Keyword Density

Fetch a URL, strip out scripts/styles/markup, and return the page's content shape: total word count, sentence count, average sentence length, Flesch Reading Ease, and the top keywords with raw frequency plus density percentage.

Useful for content audits ("are we accidentally keyword-stuffing?"), readability checks on landing pages and blog posts, and quick comparisons between drafts. Pair with /v1/seo/audit for tag-level signals or /v1/seo/compare for cross-page word-count comparisons.

Endpoint

GET /v1/seo/keyword-density

Base URL: https://seo.toolkitapi.io

Query Parameters

Field Type Required Description
url string Yes Absolute URL to analyse. Must be http:// or https://.

Response Fields

Field Type Description
url string The URL that was analysed (echoed from the request).
word_count integer Total visible words in the body text.
sentence_count integer Sentence count (split on ./!/? boundaries).
avg_sentence_length number word_count / sentence_count, rounded to 2 dp. 0.0 if no sentences.
flesch_reading_ease number Standard Flesch Reading Ease score. Higher = easier (≥ 60 ≈ plain English).
top_keywords object[] Most frequent words, sorted by count desc. Each entry: { word, count, density_percent }.

density_percent is count / word_count * 100, so the top-N entries together give you a quick read on whether one term is dominating the page.

The endpoint operates on the page's visible body text. <script> and <style> blocks are stripped before counting. Common stop words are filtered from the keyword list so the top entries are content words, not "the" / "and" / "of".

Examples

curl

curl -G "https://seo.toolkitapi.io/v1/seo/keyword-density" \
  -H "x-api-key: $TOOLKIT_API_KEY" \
  --data-urlencode "url=https://example.com/blog/post"

Python

import requests

resp = requests.get(
    "https://seo.toolkitapi.io/v1/seo/keyword-density",
    params={"url": "https://example.com/blog/post"},
    headers={"x-api-key": API_KEY},
    timeout=30,
)
data = resp.json()

print(f"{data['word_count']} words, "
      f"{data['sentence_count']} sentences, "
      f"avg {data['avg_sentence_length']} words/sentence")
print(f"Flesch Reading Ease: {data['flesch_reading_ease']}")

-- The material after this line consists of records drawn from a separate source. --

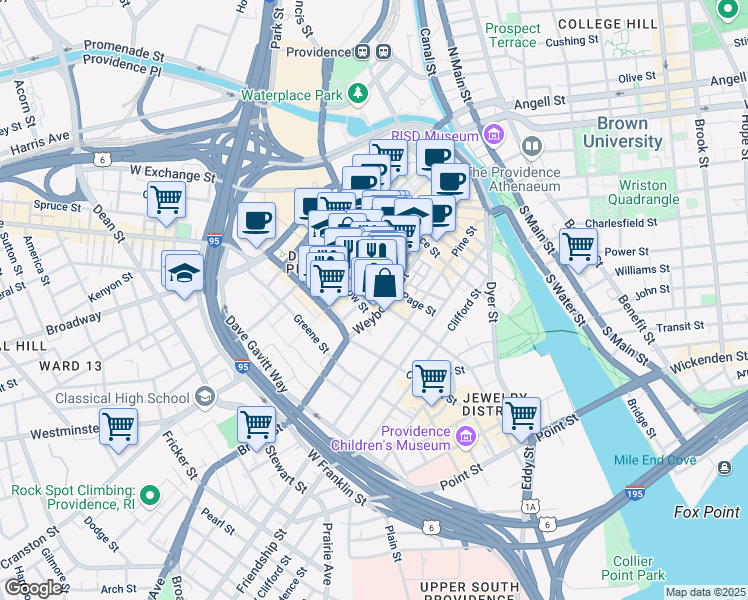 map of restaurants, bars, coffee shops, grocery stores, and more near 233 Weybosset Street in Providence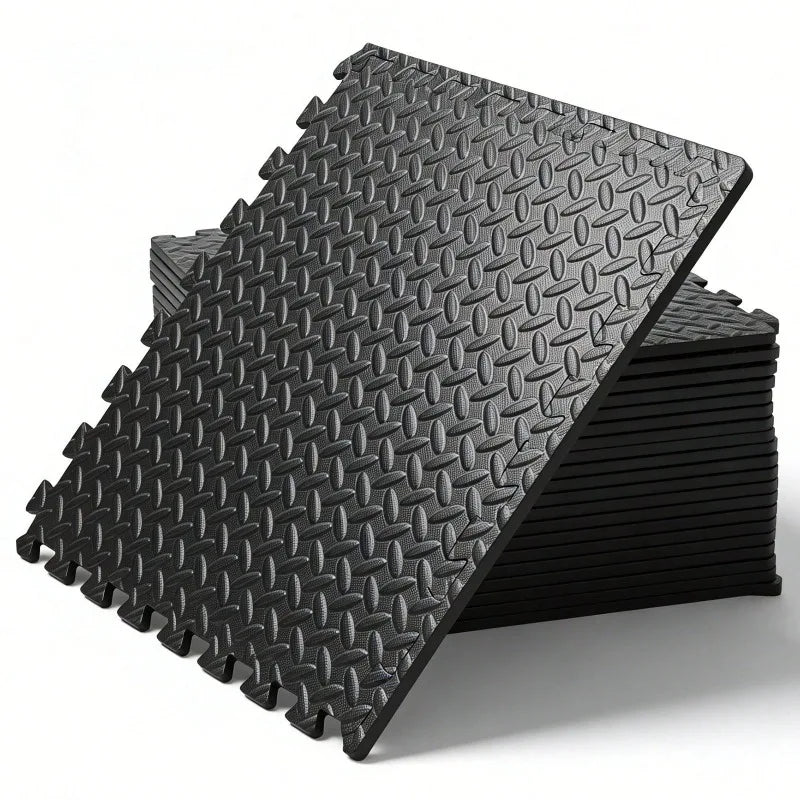 Yoga Mats Puzzle Exercise Mat ½ In, EVA Interlocking Foam Floor Tiles For Home Gym, Mat For Home Workout Equipment, Floor Padding For Crawling, Black, 20 In X 20 In X ½ In, 64 Sq Ft - 24 Tiles (24, Grey)
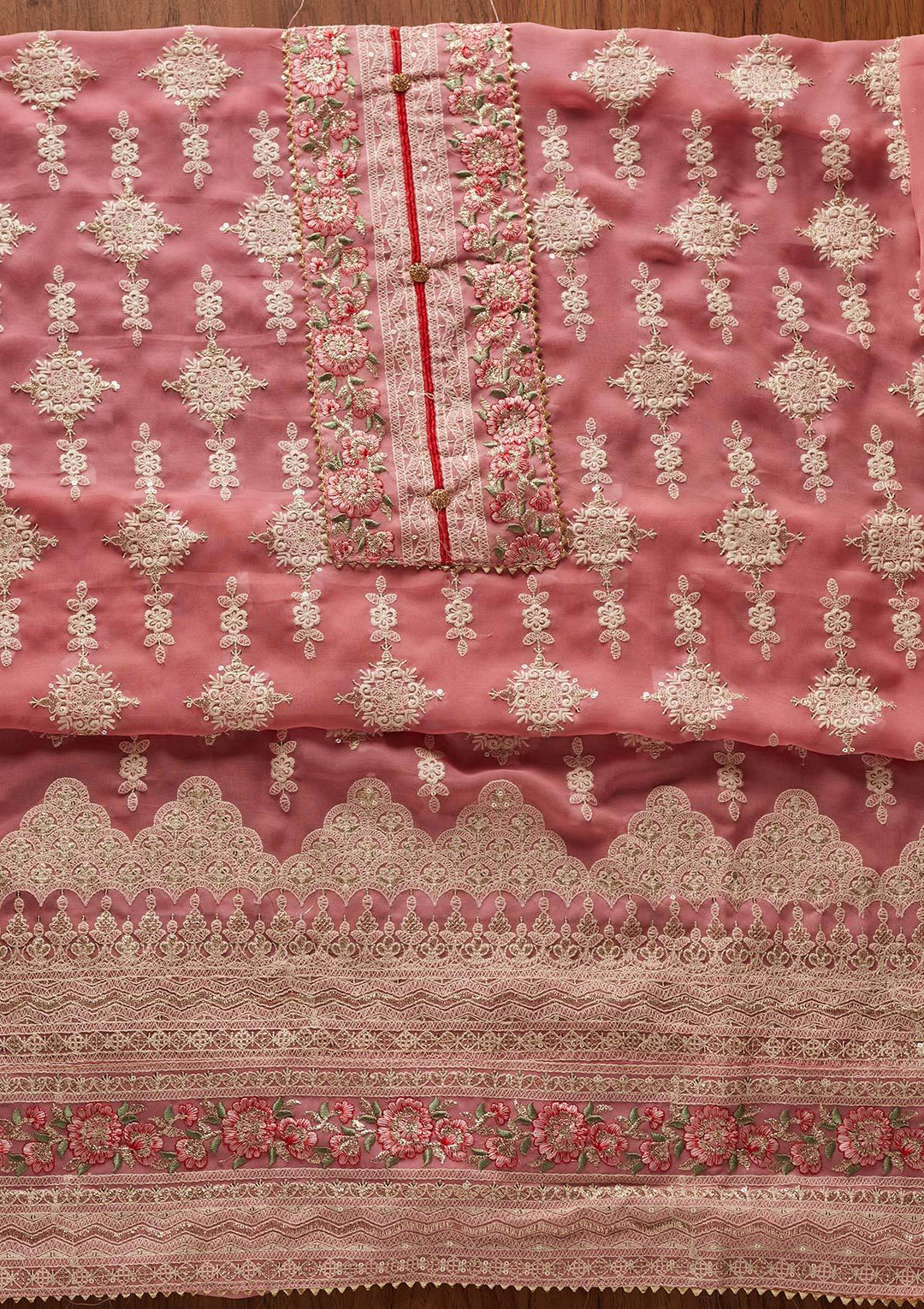 Pink Chikankari Georgette Designer Unstitched Salwar Suit - koskii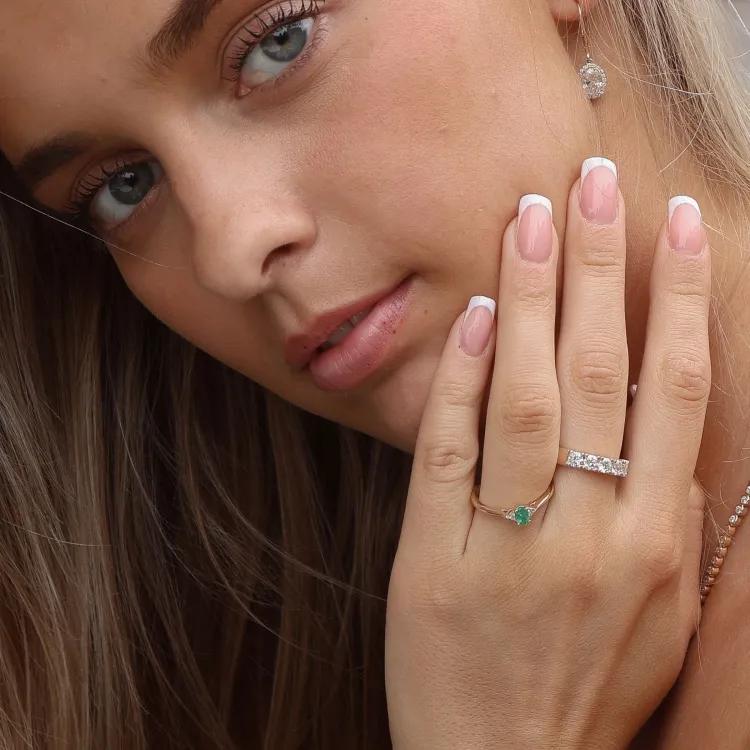 smaragd diamant ring in 14 karaat goud 0,25 ct 0,03 ct
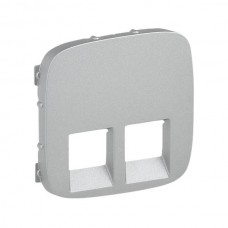 Панель лицевая Legrand розеток 2хRJ11, RJ45 серии Valena-Allure. Цвет Алюминий.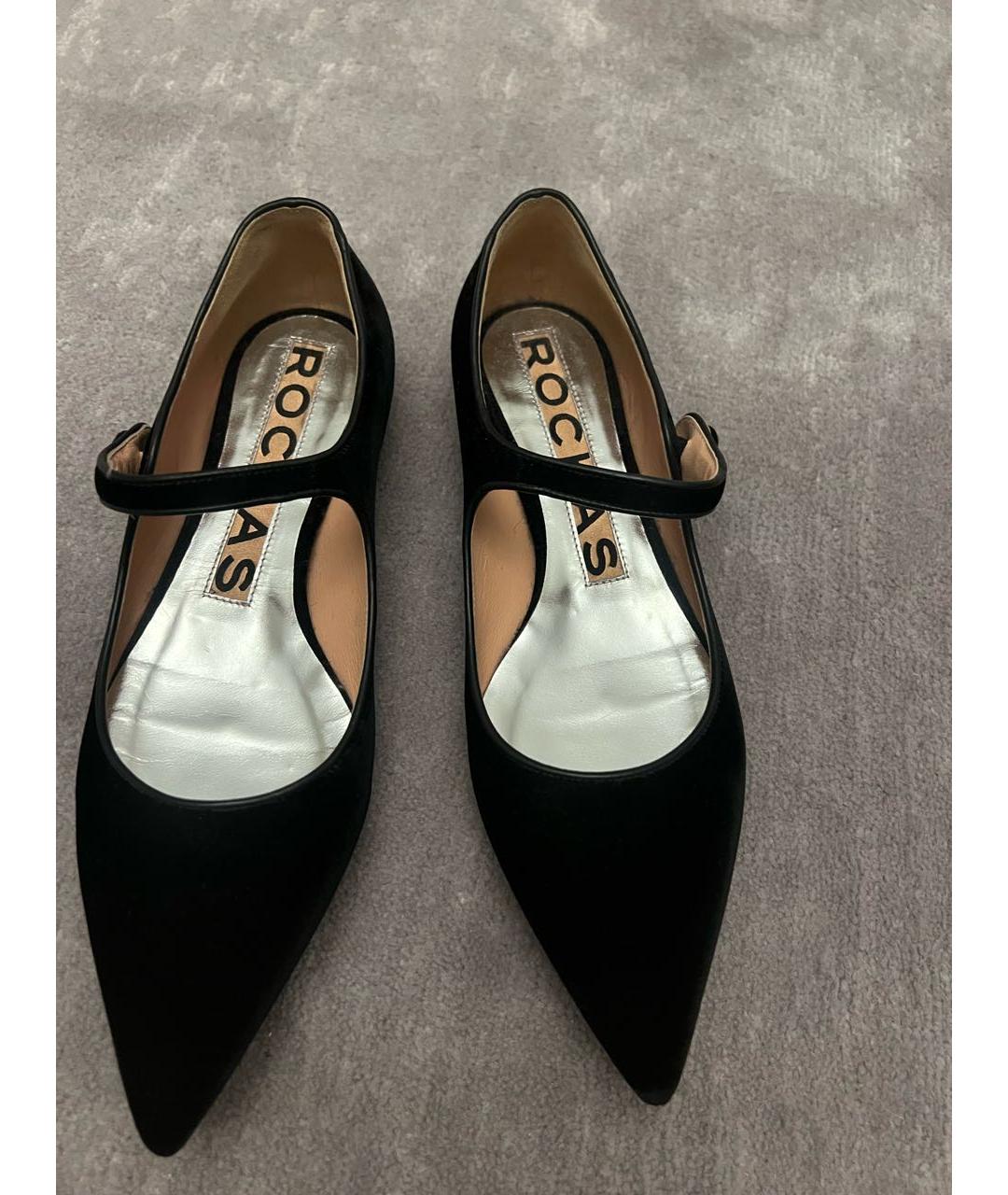 ROCHAS Черные бархатные лодочки на низком каблуке, фото 2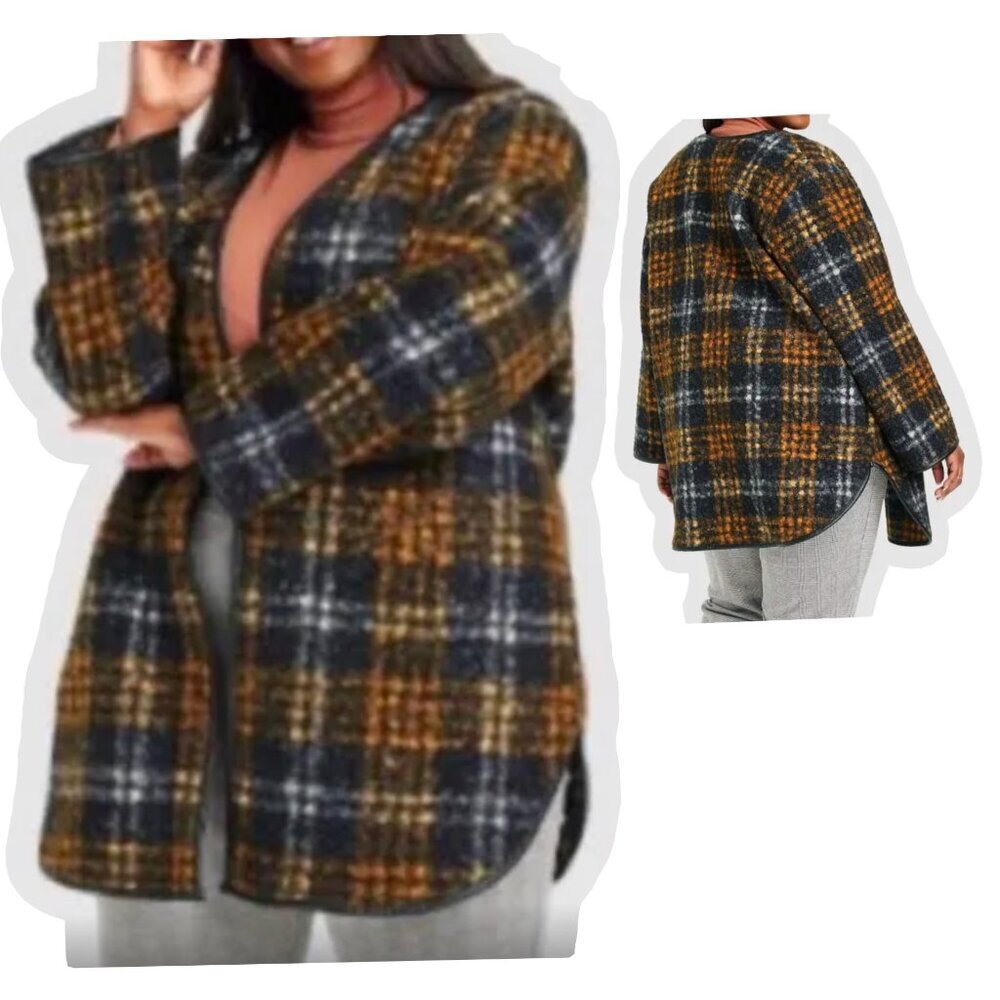 Ava & Viv Brown Cardigan Plaid Open Front Coatigan Size 4XL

# Flag any single keyword above 4% density (rough stuffing threshold)
for kw in data["top_keywords"][:10]:
    flag = "  ⚠️" if kw["density_percent"] > 4 else ""
    print(f"  {kw['word']:<20} {kw['count']:>4}  {kw['density_percent']:.2f}%{flag}")

JavaScript

const url = new URL("https://seo.toolkitapi.io/v1/seo/keyword-density");
url.searchParams.set("url", "https://example.com/blog/post");

const resp = await fetch(url, {
  headers: { "x-api-key": process.env.TOOLKIT_API_KEY },
});
const data = await resp.json();

console.log(
  `${data.word_count} words · ${data.sentence_count} sentences · ` +
    `Flesch ${data.flesch_reading_ease}`,
);

const stuffing = data.top_keywords.filter((k) => k.density_percent > 4);
if (stuffing.length) {
  console.warn("Possible keyword stuffing:", stuffing);
}

Example Response

{
  "url": "https://example.com/blog/post",
  "word_count": 842,
  "sentence_count": 47,
  "avg_sentence_length": 17.91,
  "flesch_reading_ease": 62.4,
  "top_keywords": [
    { "word": "deploy",      "count": 24, "density_percent": 2.85 },
    { "word": "kubernetes",  "count": 19, "density_percent": 2.26 },
    { "word": "cluster",     "count": 17, "density_percent": 2.02 },
    { "word": "service",     "count": 14, "density_percent": 1.66 },
    { "word": "config",      "count": 12, "density_percent": 1.43 }
  ]
}

Reading the Score

Flesch Reading Ease is a 0–100 scale; higher is easier:

Score Description
90–100 Very easy (5th grade)
80–89 Easy
70–79 Fairly easy
60–69 Plain English (8th–9th grade)
50–59 Fairly difficult
30–49 Difficult (college level)
0–29 Very confusing (college graduate)

For a marketing landing page, aim for 60+. For long-form developer content, 30–60 is normal.

Notes

  • top_keywords is bounded server-side; expect roughly the top 10–25 content words back, not the full distribution.
  • Pages with very little visible content (e.g. SPA shells before hydration) will return tiny word_count values and a flesch_reading_ease that isn't meaningful — the endpoint does not execute JavaScript.
  • Each call goes through the same SSRF guard as /v1/seo/audit; private/loopback hosts are rejected with 400.